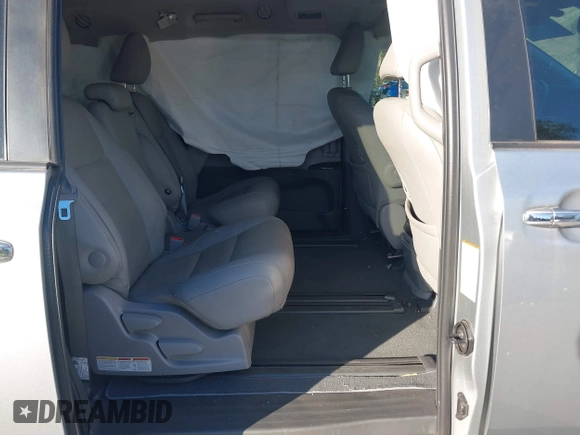 2020 Toyota Sienna XLE Auto Access Seat with VIN 5TDYZ3DC0LS049229, listed as a IAAI auction lot 41635807 with 102,674 mi miles. Bid and sale history available at carsss.com. Image 8.
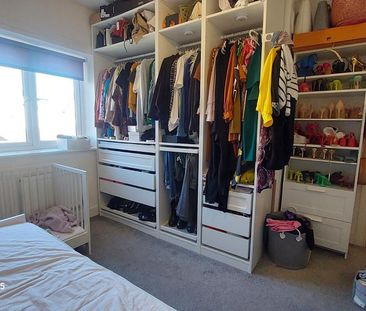 3 bedroom semi-detached house to rent - Photo 6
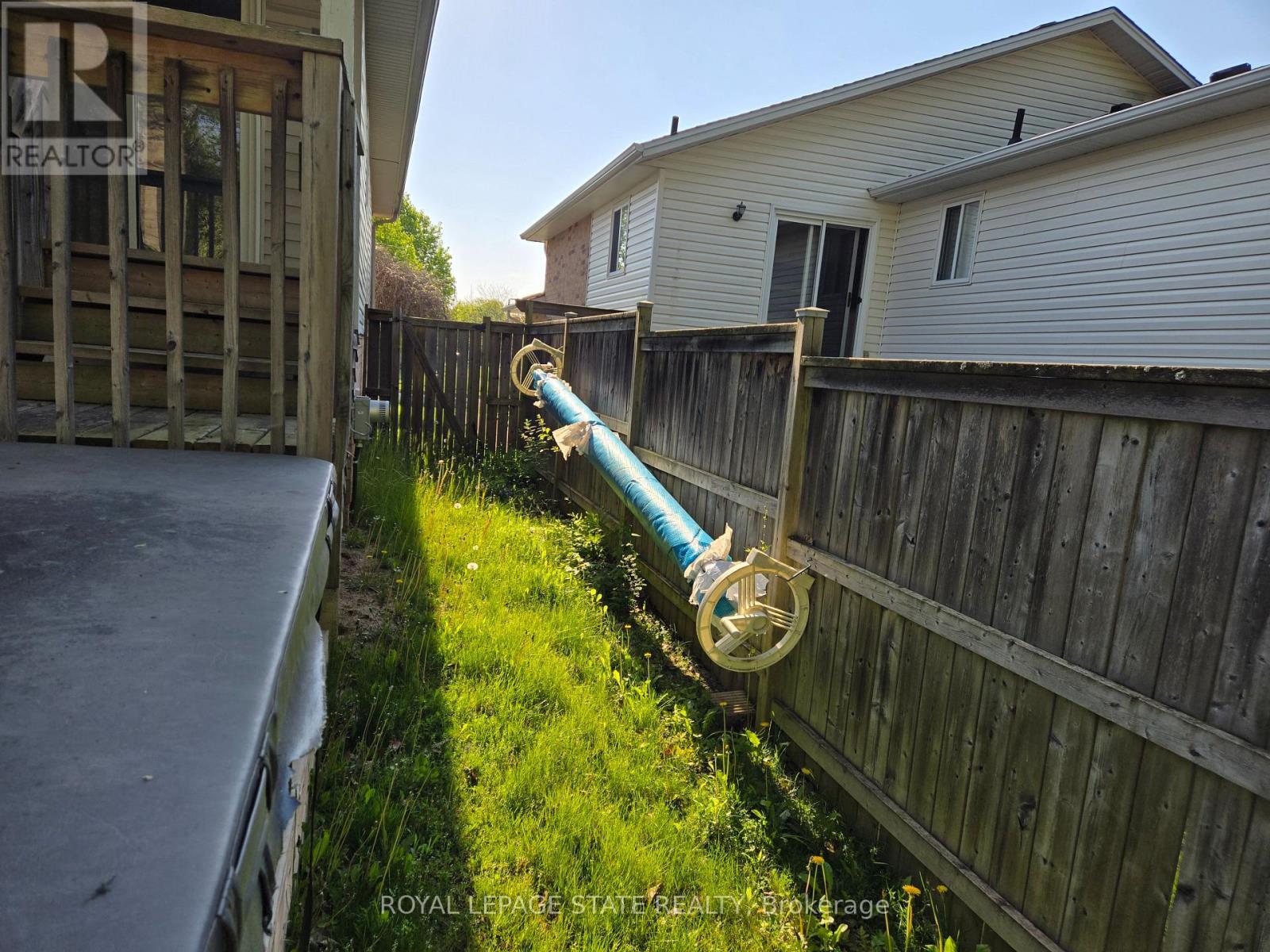 73 FOXTAIL AVENUE - 28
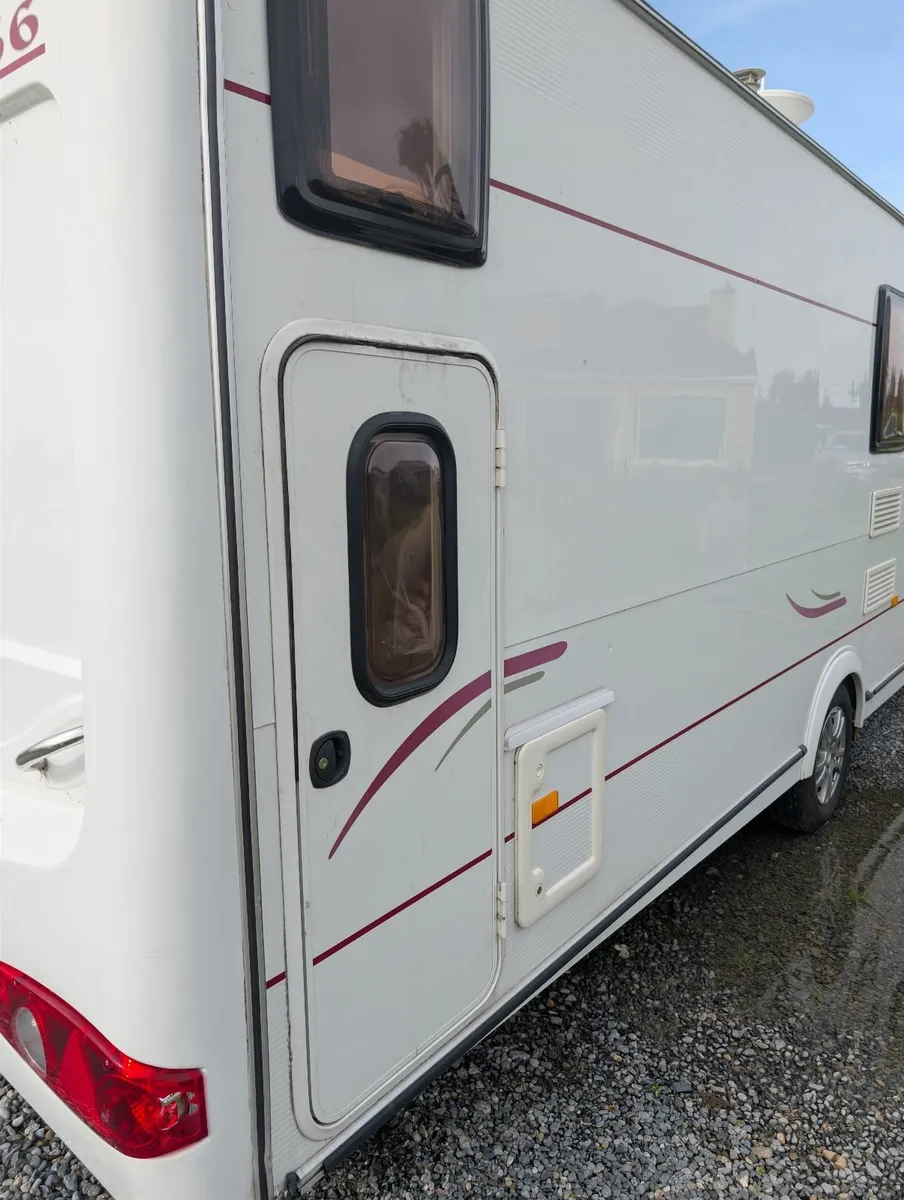 Compass 556 Caravan - Image 3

---+---

## Activity:
Transcribe all data precisely. Pictures are not copied.

## Response below:
 2020 Toyota Sienna XLE Auto Access Seat with VIN 5TDYZ3DC0LS049229, listed as a IAAI auction lot 41635807 with 102,674 mi miles. Bid and sale history available at carsss.com. Image 8.
 3 bedroom semi-detached house to rent - Photo 6
 73 FOXTAIL AVENUE - 28
 Compass 556 Caravan - Image 3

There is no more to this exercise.